The nightmare scenario for KSA is not OPEC’s dissolution rather if Russia obtains enough leverage to dictate production terms. Russia is a de facto partner in OPEC enabling them to influence Middle East economically just as they’ve done in Syria militarily for decades. From a political perspective Russia’s regular face-to-face oil meetings with KSA provide an excellent cover to discuss hidden agenda items on non-oil matters in the region.

KSA’s economic situation, at present reasonably stable, is weakening and desperately requires far higher oil prices. According to the IMF KSA requires $73/bbl to balance its budget but has less appetite at today’s lower prices because it foreign reserves have dropped considerably from $750 billion to $500 billion. The challenge to the durability of the KSA-Russia alliance is if it will hold when their respective interests and price targets diverge too far.

In order for OPEC to maintain its influence in a new market environment OPEC must re-invent itself.
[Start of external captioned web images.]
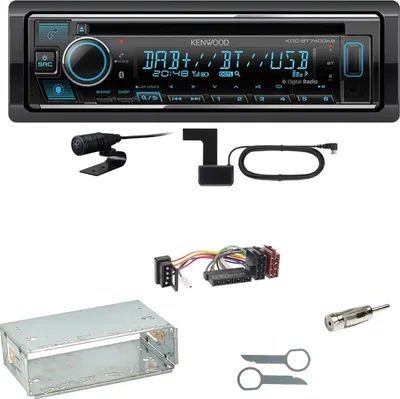 Produktbild von Kenwood KDC-BT740DAB Digitalradio Bluetooth Einbauset für Mercedes E-Klasse W124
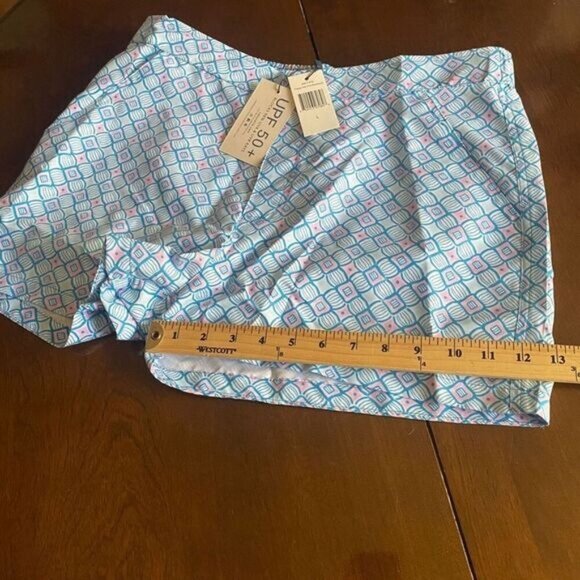 Cabana Life Shorts Women’s Boardshort Large, Blue/Pink UPF 50+ UV,Pockets,Zipp - Picture 5 of 11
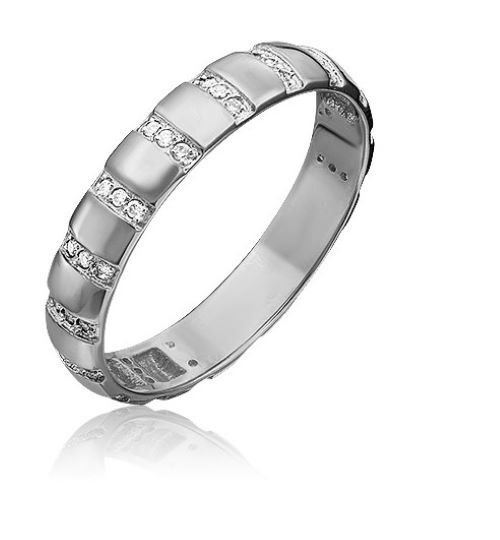 

Кольцо из белого золота с фианитом р. 16,5 PLATINA jewelry 01-1791-00-401-1120-32, 01-1791-00-401-1120-32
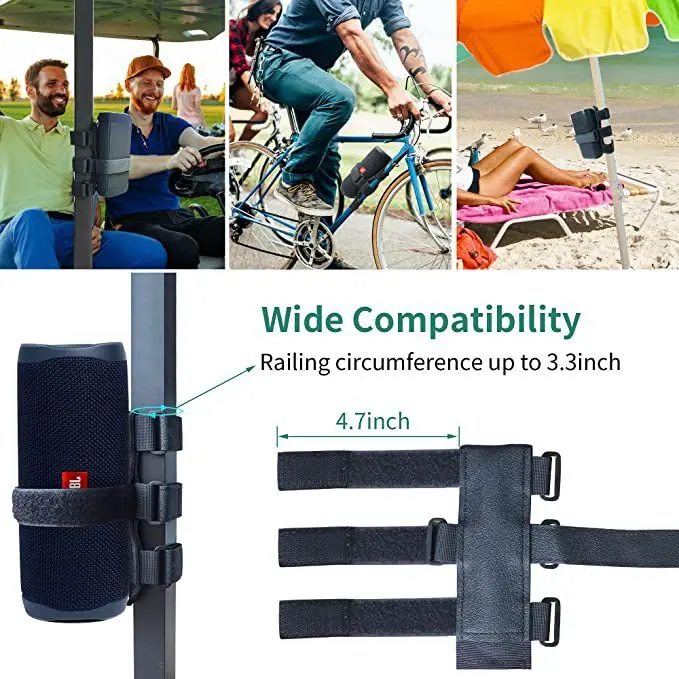 Bicycle Speaker Fixed Strap Portable Bluetooth Speaker Mount MTB Road Bike Bottle Golf Cart Speaker Bicycle Bottle Holder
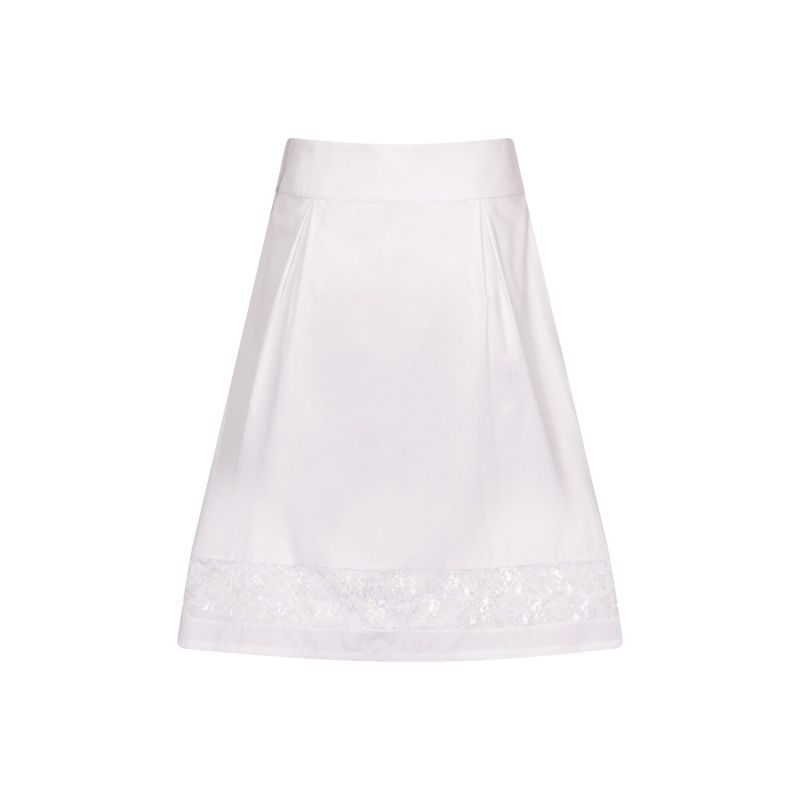 White Cotton Skirt image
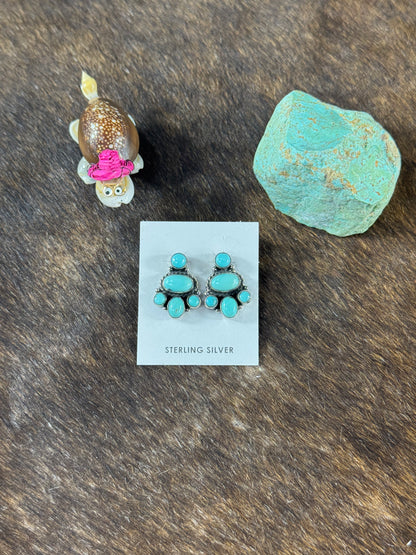 Kingman Turquoise Mini Chandelier Earrings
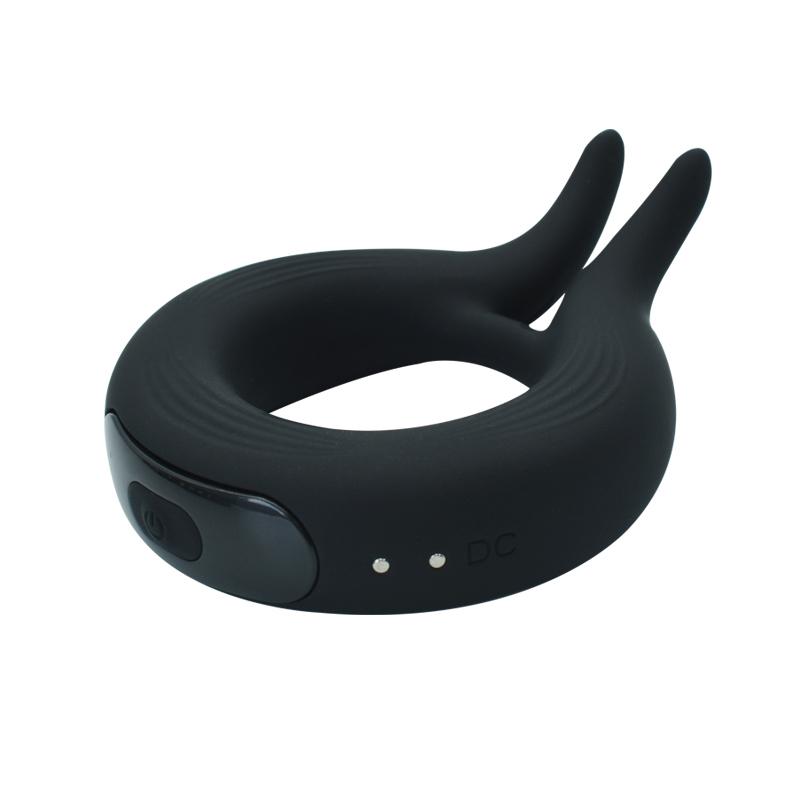 Silicone Penis Ring Vibrator 10 Modes Clitoris Stimulation Sex Toys for Man Delayed Ejaculation Sexy Goods for Male Adults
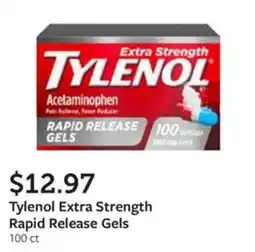 Fareway Tylenol extra strength rapid release gels offer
One possibility is through changes in some of their bylaws requiring unanimous decisions on particular matters which would enable it to become more proactive rather than reactive to avoid lost opportunities. Any dissolution, even an official admission of such a possibility regardless how remote, would result in extreme market volatility which is precisely why Kapsarc serves as the canary in the coal mine.

Recommendation:

I project considerably lower compliance among minor OPEC and non-OPEC members that will result in oil prices struggling to gain traction. For this reason re-balancing will take longer than expected. The exception to a slow oil price increase would be any major disruption in volatile areas such as Venezuela, Nigeria and Libya, in addition to any US cancellation of waivers granted to China, India, South Korea and Japan in the purchase of Iranian oil.

Finally, the key to the upcoming OPEC meeting and beyond is the extent of the potential changing dynamic of the KSA-Russia relationship. It’s not so much the production agreement itself, if one is reached, rather how it was reached and whether KSA or Russia had the greater negotiating leverage.

Disclosure: I am/we are long VDE, FSNGX.

I wrote this article myself, and it expresses my own opinions. I am not receiving compensation for it (other than from Seeking Alpha). I have no business relationship with any company whose stock is mentioned in this article.